El autor de Hispavox. El sonido de una época prioriza lo que vivió. Los estudios no paraban durante todo el día: por las noches, entraban artistas menores o recién fichados. El ritmo solo se alteraba durante enero y febrero, cuando aparecían los grupos y solistas que confeccionaban los temas destinados a la Feria de Abril sevillana. Eran grabaciones rápidas, con tocaores eficaces —desde Paco Cepero a Enrique de Melchor— y la supervisión del erudito Blas Vega. Un hombre con olfato incluso fuera del flamenco: en 1981, descubrió al cantautor Javier Ruibal. A pesar del nombre, Hispavox era una compañía cosmopolita: el productor principal era el milanés Rafael Trabucchelli y las orquestaciones venían firmadas por el porteño Waldo de los Ríos. Ambos colaboraron en el gran pelotazo internacional del Himno de la alegría, de Miguel Ríos. El origen de los artistas no era problema: allí grabó el guitarrista Ian Davies, un flamenco de Londres, al igual que la argentina Nacha Guevara o el chileno Fernando Ubiergo.
En 1977, Hispavox dio un giro hacía el mínimo común denominador al entrar José Luis Gil, directivo procedente de la poderosa CBS, que pensaba en términos de “productos” más que de artistas con vocación creativa. Estuvo detrás del guaperas Pedro Marín, la pareja Enrique y Ana o de la televisiva Mari Cruz Soriano, cuyas partes de piano eran retocadas por el virtuoso Agustín Serrano. Gil renovó el equipo de producción, quitando funciones a Trabucchelli en favor de otro lombardo, Danilo Vaona, esencial para la triunfal etapa de Raffaella Carrá en castellano o el lanzamiento de Bertín Osborne. Con esos planteamientos, se comprende que Hispavox no entendiera a grupos como Nacha Pop y Radio Futura, aunque sí perseveró con Alaska, que buscaba el éxito mainstream: “Desde el principio, se hizo evidente que ella tenía una habilidad extraordinaria para defender sus argumentos”.

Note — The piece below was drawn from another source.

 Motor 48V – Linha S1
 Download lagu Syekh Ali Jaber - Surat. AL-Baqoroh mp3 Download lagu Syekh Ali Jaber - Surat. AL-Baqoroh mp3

Gil, que luego volvería a Hispavox para editar los discos de Loco Mía, fue reemplazado por Saúl Tagarro, ejecutivo sin veleidades artísticas que debió tomar crudas decisiones laborales (la empresa llegó a contar con más de doscientos empleados). La gran paradoja: los resultados económicos eran suculentos, pero coincidieron con el cansancio de los Vidal Zapater, que sugirieron vender la compañía. En 1985, Hispavox se fusionó con la multinacional EMI. Diez años después, desaparecía el complejo de la calle Torrelaguna, 64. En los últimos tiempos, Díez Monzón aprovechó un viaje a Madrid para colarse en el edificio principal: “Fue desgarrador verlo todo abandonado, sin que quedaran rastros de que de allí habían salido unos 14.000 discos, entre producción propia y licencias de sellos extranjeros. Y además con la sospecha de que buena parte del archivo había terminado en el vertedero”.